"""

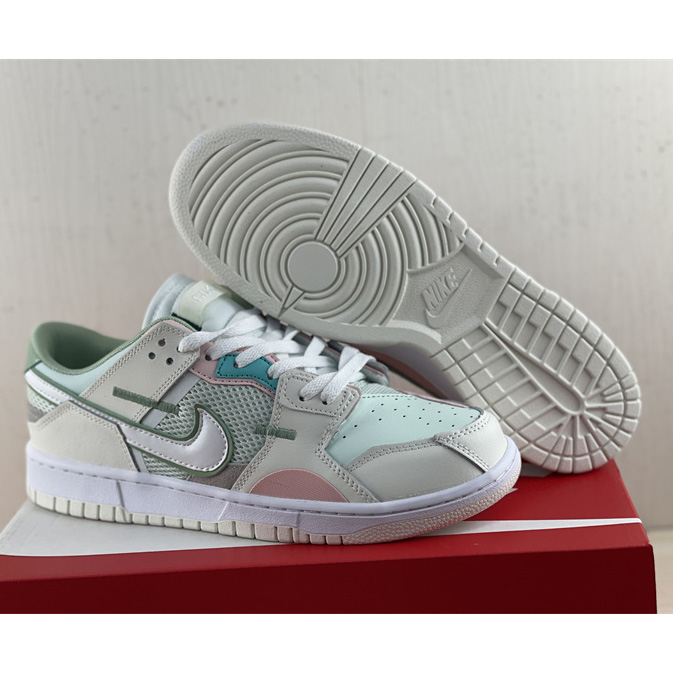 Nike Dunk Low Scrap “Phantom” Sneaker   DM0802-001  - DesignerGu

"""
"""

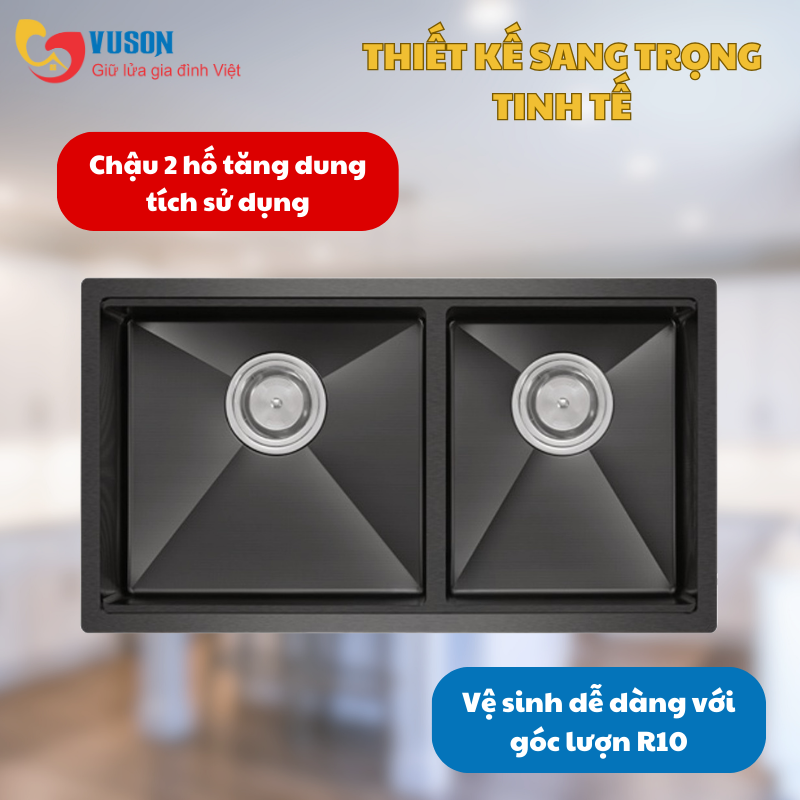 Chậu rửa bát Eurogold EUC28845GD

"""
"""

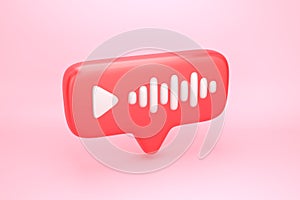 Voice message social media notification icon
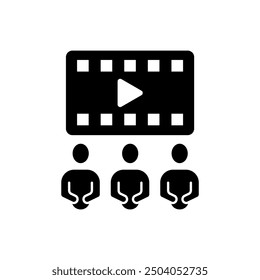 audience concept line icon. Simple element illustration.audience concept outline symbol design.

"""

§ **Action item**
Above are the records; copy from them only the lines starting at the one containing "Voice message social media notification icon" and ending at the one containing "audience concept line", exactly and without pictures.

§ **Answer to this problem**
 Voice message social media notification icon
 audience concept line icon. Simple element illustration.audience concept outline symbol design.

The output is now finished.